Alternative forms of distribution can be used as well. The Web
server can also perform the function of obtaining personal details
including the email id of the user who downloads the software for
the purpose of sending him a software activation password. The Web
server forwards the email id to the public encryption key server
(1018) for registration. These operations can be implemented using
methods known to those having ordinary skill in the art.
[0040] One example of a registration process is illustrated in FIG.
3. There, an ID, (an e-mail id) is obtained and checked for any
error or redundancy (or both) (3002) from a first database of
previous users who have already registered their public keys with
the system. In another embodiment, in the absence of an error, such
as redundancy, the ID is checked with a second database that
contains the IDs of users who have registered their IDs but not
their public keys. The entries of this second database can have an
expiration period (e.g., an expiration period of 2 days) after
which the redundancy does not matter. If there is an absence of
redundancy (3004) here too, the ID is added to the first database
and an activation password, e.g., a random string, is generated and
returned by the public encryption key server (3006). Otherwise an
error is returned (3008). These operations can be implemented using
methods known to those having ordinary skill in the art.
[0041] In one embodiment, the above-mentioned client software
includes a first module having suitable programming code and
scripts that aid in the generation of a key pair using a suitable
public key cryptographic algorithm. In some embodiments, the
software includes a suitable module for initiating and carrying
through the registration of the key pair generated by first module.

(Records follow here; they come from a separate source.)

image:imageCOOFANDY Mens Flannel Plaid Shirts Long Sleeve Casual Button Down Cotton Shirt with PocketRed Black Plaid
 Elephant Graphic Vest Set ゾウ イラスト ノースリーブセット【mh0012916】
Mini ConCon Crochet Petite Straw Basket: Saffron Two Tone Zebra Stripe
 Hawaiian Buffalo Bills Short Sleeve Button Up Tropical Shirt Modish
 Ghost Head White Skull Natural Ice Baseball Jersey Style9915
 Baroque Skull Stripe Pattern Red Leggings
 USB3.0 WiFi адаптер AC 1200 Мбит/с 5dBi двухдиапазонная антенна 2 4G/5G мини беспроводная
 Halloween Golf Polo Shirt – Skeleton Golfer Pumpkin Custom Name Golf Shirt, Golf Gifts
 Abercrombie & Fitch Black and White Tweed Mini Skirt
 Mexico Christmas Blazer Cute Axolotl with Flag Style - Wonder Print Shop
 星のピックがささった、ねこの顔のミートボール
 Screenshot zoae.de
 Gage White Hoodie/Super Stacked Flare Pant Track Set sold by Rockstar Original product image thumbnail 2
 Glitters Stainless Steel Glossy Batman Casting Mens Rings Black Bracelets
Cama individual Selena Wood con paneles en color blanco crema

Also, in one embodiment, the second module is responsible for
obtaining a Numeric Id. from the secure public encryption key
server (1018), which is also the Numeric Id. associated with the
public key of the key pair. In another embodiment, a third module
assumes the role of a client whenever the public encryption key
server (1018) is tasked to provide a public key associated with the
Numeric Id. In some embodiments of the invention, such requisition
is required. These operations can be implemented using methods
known to those having ordinary skill in the art.
[0042] One example of the operation of the second software module
is illustrated in the FIG. 4 as a flow diagram. The first module
generates a key pair, e.g., a 1024-bit RSA key pair, and a session
key, e.g., a 256-bit AES random session key to protect the private
key just generated (4002). The encrypted private key is stored in a
file (4004). For ease of recognition and usage, the private key
file may follow a naming convention that includes the Numerical Id
with which it is associated. On completion of this step, the module
proceeds to compute a digital signature of the public key (4006).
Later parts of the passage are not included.